Australian conductor

Nicolette Ella Fraillon (born 29 July 1960) is an Australian conductor, who was chief conductor of The Australian Ballet from 2003 until 2022.

==Career==
Fraillon grew up in Melbourne, a child of immigrant parents of French Huguenot, Sicilian and Austrian Jewish descent. Her family is musical: both grandfathers were cellists, and her great-uncle Guillaume was principal double bass player with the Melbourne Symphony Orchestra.

She started violin and piano studies as a child; her teachers included Brian Buggy (violin) and Ada Corder (piano). She played with the Victorian Youth Symphony Orchestra and the Melbourne Youth Orchestra for some time.

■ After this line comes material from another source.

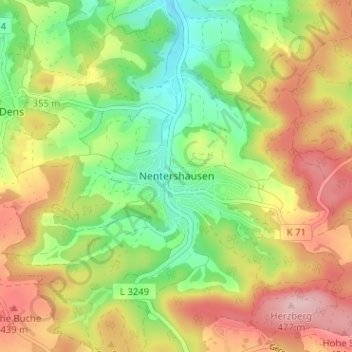 Mapa topográfico Nentershausen, altitud, relieve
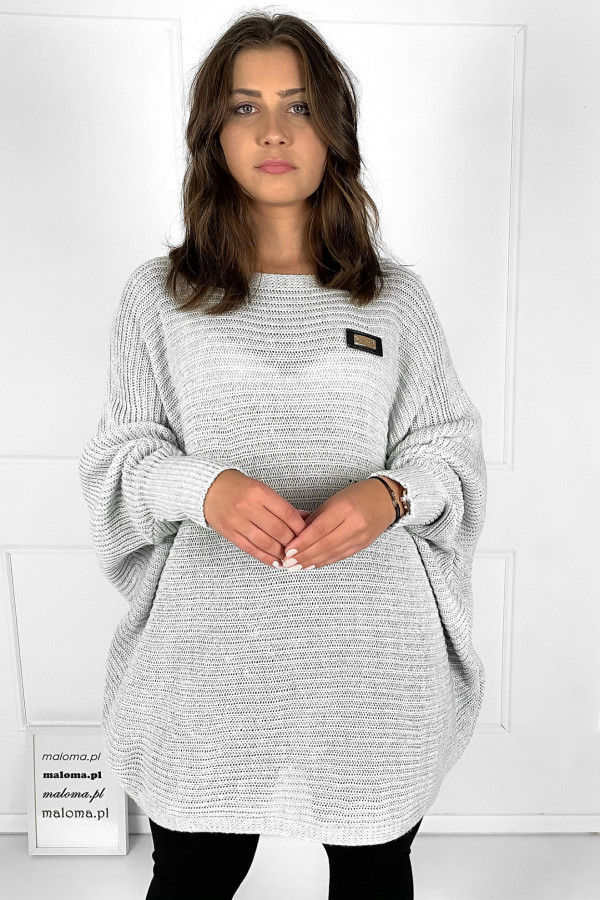 Duży sweter damski oversize w kolorze szarym nietoperz tunika classic 1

As an adult she studied viola under Chris Martin at the University of Melbourne. She studied conducting at the Hochschule für Musik in Vienna, Austria, from 1984, and later in Hanover, Germany. Her professional conducting debut was with the Nederlands Dans Theater, when she deputised for another conductor who had fallen ill. In the Netherlands, she also worked on a production of Les Misérables, both playing viola in the orchestra and working as second conductor. Later she was appointed music director and chief conductor of the Dutch National Ballet.

In 1995 she was engaged by the Tasmanian Symphony Orchestra, becoming the first Australian woman to conduct an Australian symphony orchestra. She later conducted the West Australian Symphony Orchestra.

In October 1997 Fraillon was appointed director of the Canberra School of Music, effective from June 1998. In 1998 she commenced at the Australian Opera and Ballet Orchestra. In 2003 she was appointed chief conductor of The Australian Ballet. She was their first woman conductor, and, in 2016, the world's only woman music director of a ballet company. In November 2021, Fraillon announced that she would leave that position in 2022. In 2023, she was awarded the Sir Bernard Heinze Memorial Award.

== Personal life ==
Fraillon has been married three times, and has two sons. She has been married to soprano Deborah Cheetham Fraillon since January 2023.